Lets go back to the mathematical expression we
were using earlier and see what happens if we use
list index notation on it. First, we will create a
view of this expression's tree that includes node
position numbers for easy reference.

%mathpiper

ViewTreeParts(tree, ShowPositions:True, Scale:1.5, FontSize:20);

%/mathpiper

    %output,preserve="false"
      Result: 
.   %/output




The position indicators in the view of the tree
can be used with index notation to easily access
any part of the tree, including all of the
operators.

In> tree[0]

    %output,preserve="false"
      Result: ==
.   %/output


In> tree[1]

    %output,preserve="false"
      Result: a + b
.   %/output


In> tree[2]

    %output,preserve="false"
      Result: c*(d - e/f)
.   %/output


In> tree[2][0]

    %output,preserve="false"
      Result: *
.   %/output


In> tree[2][2][1]

    %output,preserve="false"
      Result: d
.   %/output




PREVENTING EVALUATION OF A TREE

Sometimes instead of evaluating a tree, one wants
to prevent its evaluation and work with the tree
itself as data. The most common ways to achieve
this are to use the ' "hold" operator, the "Hold"
procedure, the '' "freeze" operator, or underscore 
constants.


THE ' "HOLD" OPERATOR AND THE "Hold" PROCEDURE

The ' operator prevents the expression to its
immediate right from being evaluated. For example,
when an unassigned variable is evaluated an
exception is thrown. However, an unassigned
variable to the immediate right of an ' operator
will be returned unevaluated.

In> Unassign(x);

    %output,preserve="false"
      Result: True
.   %/output



In> x

    %output,preserve="false"
      Result: The variable <x> does not have a value assigned to it.  Error near line 472 starting at index 4.
.   %/output



In> 'x

    %output,preserve="false"
      Result: x
.   %/output




The ' operator has a very high precedence, so its
operand is normally the smallest subexpression to
its immediate right. For example, in the following
expression, the operand of ' is only the variable
"x".

%mathpiper

Unassign(x);
Unassign(y);

'x + y;

%/mathpiper

    %error,mpversion=".230",preserve="false"
      Result: The variable <y> does not have a value assigned to it.  Error on or before line 500 starting at index 5.
.   %/error




The tree of the following expression shows that
the only part of the expression that ' considers
to be is operand is the variable "x". The "Hold"
procedure has the same behavior as the ' operator,
and it is used in this example to prevent the
expression from being evaluated so its tree can be
viewed.

%mathpiper

ViewTreeParts(Hold(x + y), Scale:1.5, FontSize:20);

%/mathpiper

    %output,preserve="false"
      Result: 
.   %/output




Parentheses need to be used to enable the '
operator to treat larger expressions as its
operand.

%mathpiper

ViewTreeParts('(x + y), Scale:1.5, FontSize:20);

%/mathpiper

    %output,preserve="false"
      Result: 
.   %/output




THE '' "FREEZE" OPERATOR

The ' operator only holds during a single
evaluation and then it is removed from the
expression.
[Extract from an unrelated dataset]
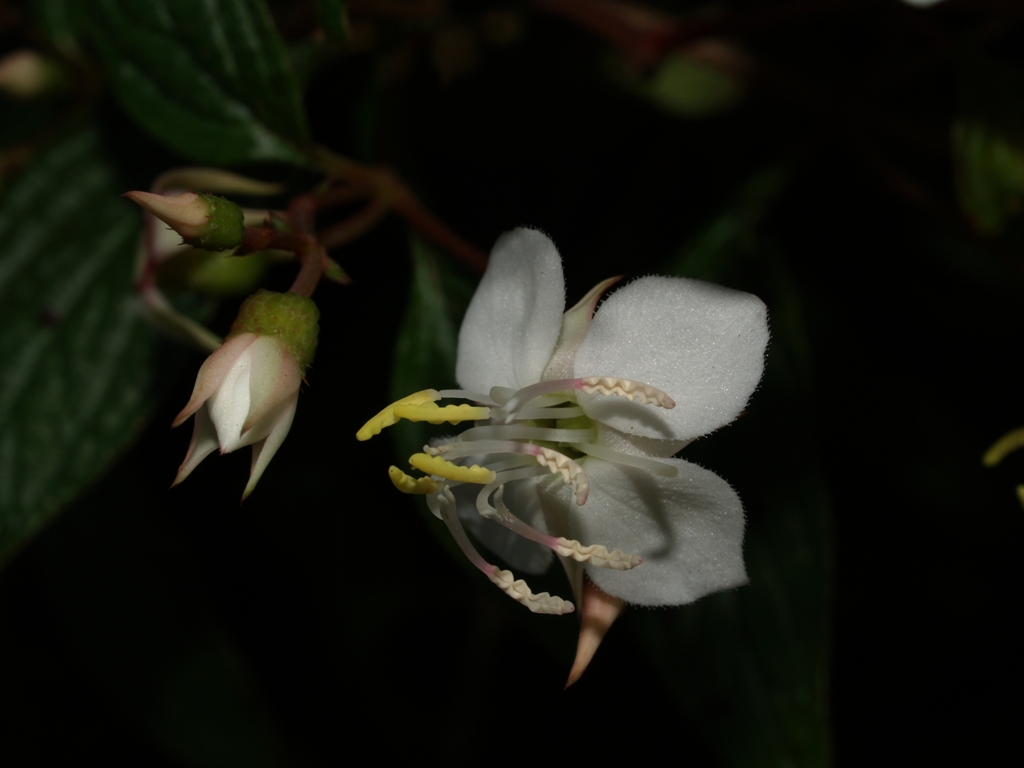 Melastomataceae Heterocentron subtriplinervium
This means that if an expression which
contains one or more ' operators (which are not
holding other ' operators) is evaluated, the
resulting expression will have these ' operators
removed from it.

If an expression needs to be held for an extended
period of time, the '' "freeze" operator can be
used. The '' operator consists of two single quote
characters placed next to each other with no space
between them. If a space is placed between these
characters, then the parser treats them as two
separate hold operators.

Other than holding evaluation of an expression
permanently, the main difference between the '
operator and the '' operator is that the ''
operator has a much lower precedence than the '
operator and so it can often be used to freeze
complex expressions without the need to use
parentheses.



UNDERSCORE CONSTANTS AND THE "ObjectoToMeta" AND
"MetaToObject" PROCEDURES

Any name in MathPiper code that contains an
underscore (_) character is treated as a constant
and is not evaluated.

%mathpiper

[
_x,
x_,
_hello,
hello_,
hello_there,
_
];

%/mathpiper

    %output,preserve="false"
      Result: [_x,x_,_hello,hello_,hello_there,_]
.   %/output





A convenient way to convert all of the names in an
expression into underscore constants is with the
"ObjectToMeta" procedure. Operators that end with
a $ are versions of their normal counterparts that
will not be evaluated.

In> code := ObjectToMeta('((a+b)==(c*(d - e / f))));

    %output,preserve="false"
      Result: _a +$ _b ==$ _c *$ (_d -$ _e /$ _f)
.   %/output




The "MetaToObject" procedure converts code that
contains underscore constants and $ characters
back into executable code.

In> MetaToObject(code)

    %output,preserve="false"
      Result: a + b == c*(d - e/f)
.   %/output




THE "MathParse" PROCEDURE

MathPiper syntax is not the same as traditional
mathematics syntax. For example, MathPiper's
standard parser does not understand that 2x means
2*x. The "MathParse" procedure accepts a string
which contains code that is in traditional
mathematics format, and it parses it into a
MathPiper tree data structure.

In> MathParse("2x")

    %output,preserve="false"
      Result: 2*_x
.   %/output




COMPUTER CODE IS ALSO PARSED INTO A TREE

The MathPiper parser also parses MathPiper source
code into a tree. In the following example the '
operator is used to hold the code that is in a
sequence expression so its tree form can be
viewed. In this tree all of the positions of the
nodes are shown along with the path from the root
node to the "++" operator.

%mathpiper

expression := 
''{
    result := [];
    
    index := 14;
    
    While(index <=? 33)
    {
        result := Append(result, index);
        
        index++;
    };
    
    result;
};

ViewTreeParts(expression, Scale:1.5, ShowPositions:True, IncludeExpression:False, Path:["", "1322"], PathNumbers:True, Code:True);

%/mathpiper

    %output,preserve="false"
      Result: 
.   %/output